> _Task data_:
-*-*-
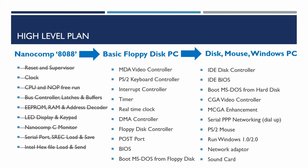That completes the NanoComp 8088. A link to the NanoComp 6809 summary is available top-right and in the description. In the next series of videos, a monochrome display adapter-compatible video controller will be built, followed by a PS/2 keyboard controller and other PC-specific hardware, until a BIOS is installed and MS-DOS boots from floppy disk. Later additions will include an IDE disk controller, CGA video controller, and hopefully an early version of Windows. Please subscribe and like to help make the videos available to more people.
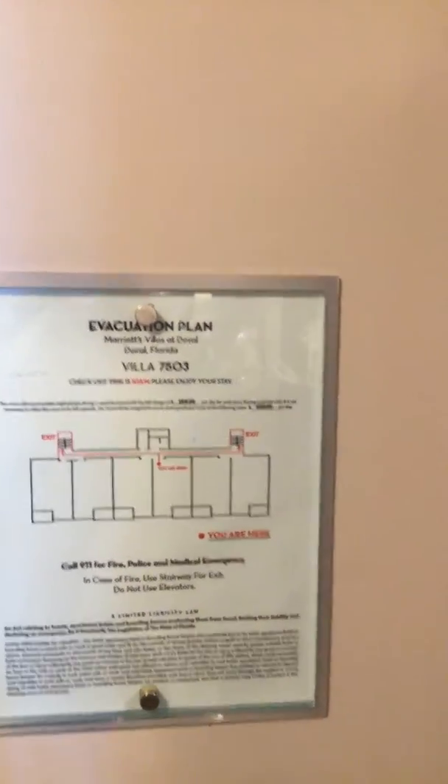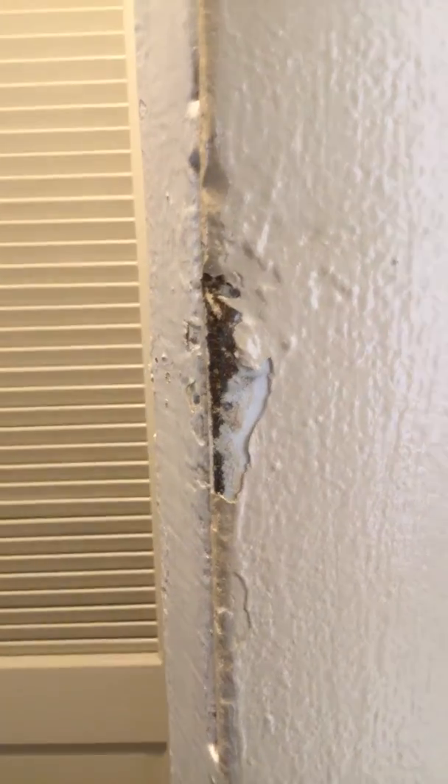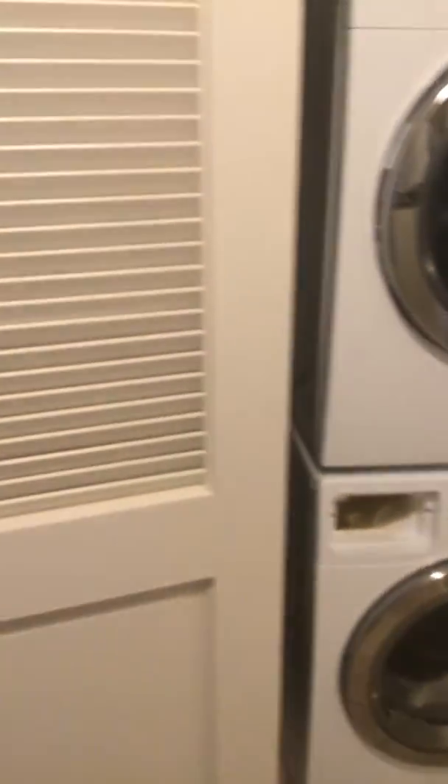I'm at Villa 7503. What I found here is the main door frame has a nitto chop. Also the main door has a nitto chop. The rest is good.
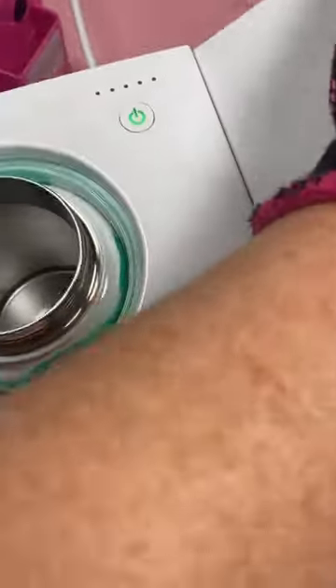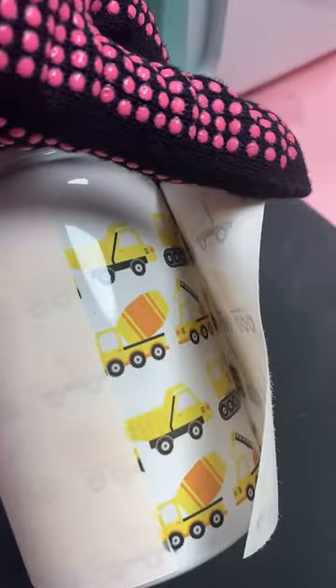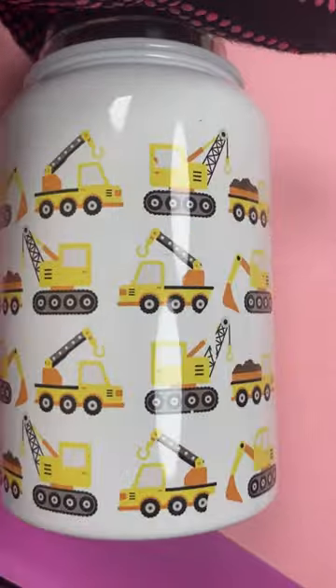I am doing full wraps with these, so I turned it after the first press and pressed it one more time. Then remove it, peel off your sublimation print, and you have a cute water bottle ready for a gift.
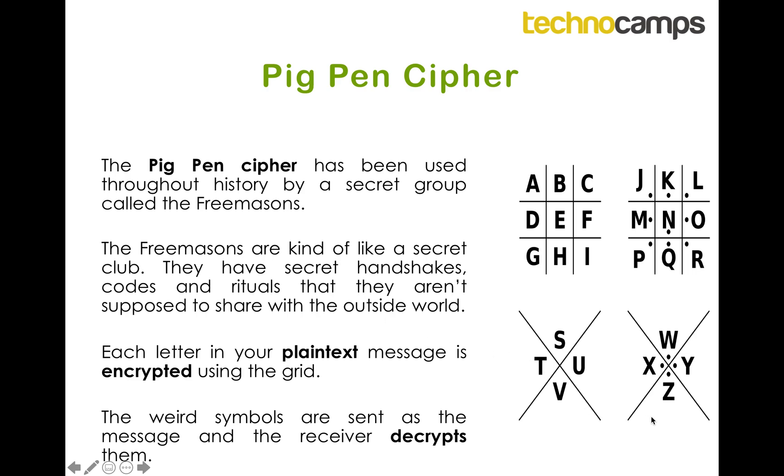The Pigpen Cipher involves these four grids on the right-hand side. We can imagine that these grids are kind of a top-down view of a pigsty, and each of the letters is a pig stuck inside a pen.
-*-*-
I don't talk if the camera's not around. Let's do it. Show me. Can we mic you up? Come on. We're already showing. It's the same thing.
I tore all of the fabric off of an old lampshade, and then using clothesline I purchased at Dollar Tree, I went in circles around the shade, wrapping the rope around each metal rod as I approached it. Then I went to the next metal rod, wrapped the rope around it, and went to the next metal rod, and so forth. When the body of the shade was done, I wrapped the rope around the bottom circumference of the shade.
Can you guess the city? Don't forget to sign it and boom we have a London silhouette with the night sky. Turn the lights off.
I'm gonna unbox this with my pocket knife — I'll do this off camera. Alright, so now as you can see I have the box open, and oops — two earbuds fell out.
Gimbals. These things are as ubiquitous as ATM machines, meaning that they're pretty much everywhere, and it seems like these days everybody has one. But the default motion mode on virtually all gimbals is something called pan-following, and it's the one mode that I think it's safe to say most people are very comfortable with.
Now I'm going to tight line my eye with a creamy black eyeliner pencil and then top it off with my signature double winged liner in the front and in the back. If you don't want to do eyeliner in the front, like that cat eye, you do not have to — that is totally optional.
-*-*-
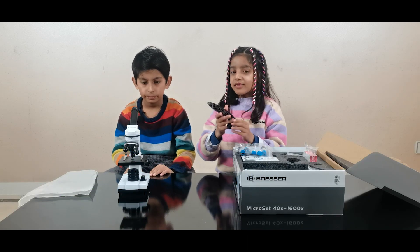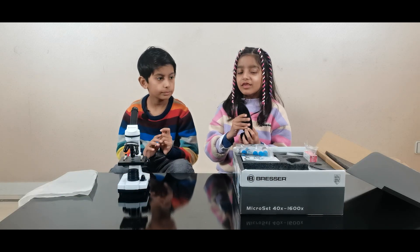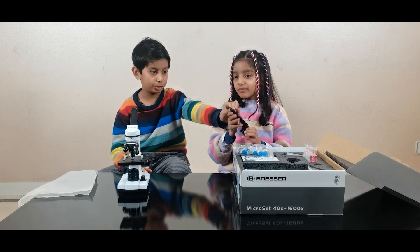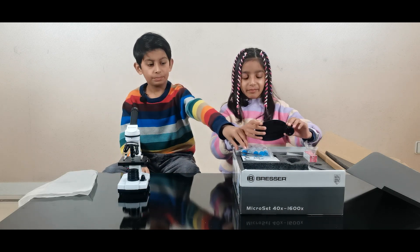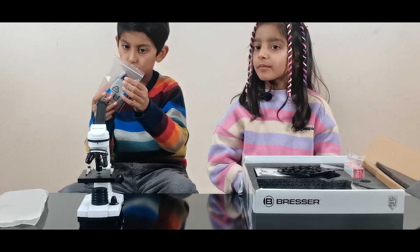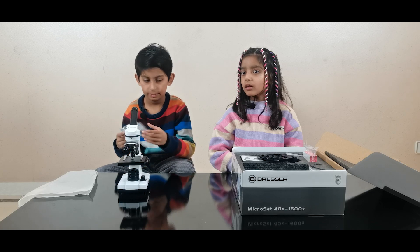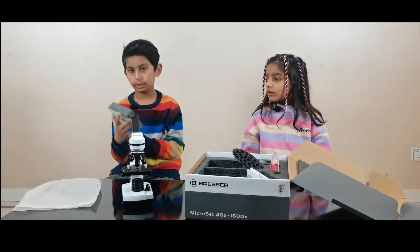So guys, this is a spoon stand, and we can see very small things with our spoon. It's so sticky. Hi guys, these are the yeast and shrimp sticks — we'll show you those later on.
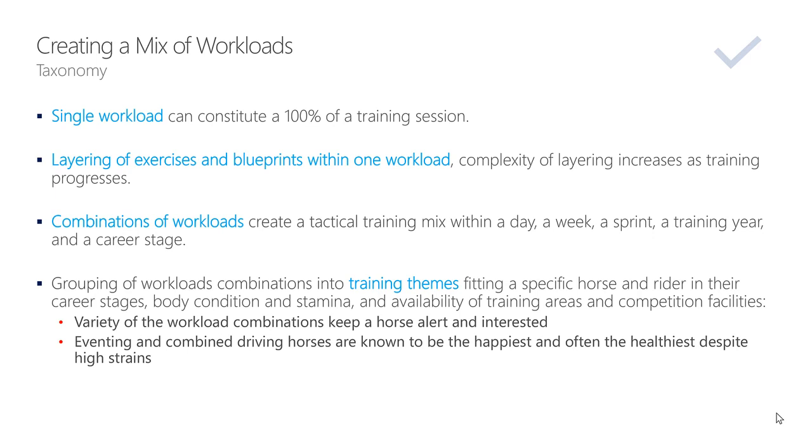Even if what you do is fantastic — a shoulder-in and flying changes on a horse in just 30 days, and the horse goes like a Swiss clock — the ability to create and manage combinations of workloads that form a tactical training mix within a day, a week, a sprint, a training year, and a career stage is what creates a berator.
-*-*-
When you reach the line that has "That completes the" in the data above, start repeating lines exactly, and stop after the line that has "I'm at Villa"; pictures stay out.

> _Completed task_:
That completes the NanoComp 8088. A link to the NanoComp 6809 summary is available top-right and in the description. In the next series of videos, a monochrome display adapter-compatible video controller will be built, followed by a PS/2 keyboard controller and other PC-specific hardware, until a BIOS is installed and MS-DOS boots from floppy disk. Later additions will include an IDE disk controller, CGA video controller, and hopefully an early version of Windows. Please subscribe and like to help make the videos available to more people.
I'm at Villa 7503. What I found here is the main door frame has a nitto chop. Also the main door has a nitto chop. The rest is good.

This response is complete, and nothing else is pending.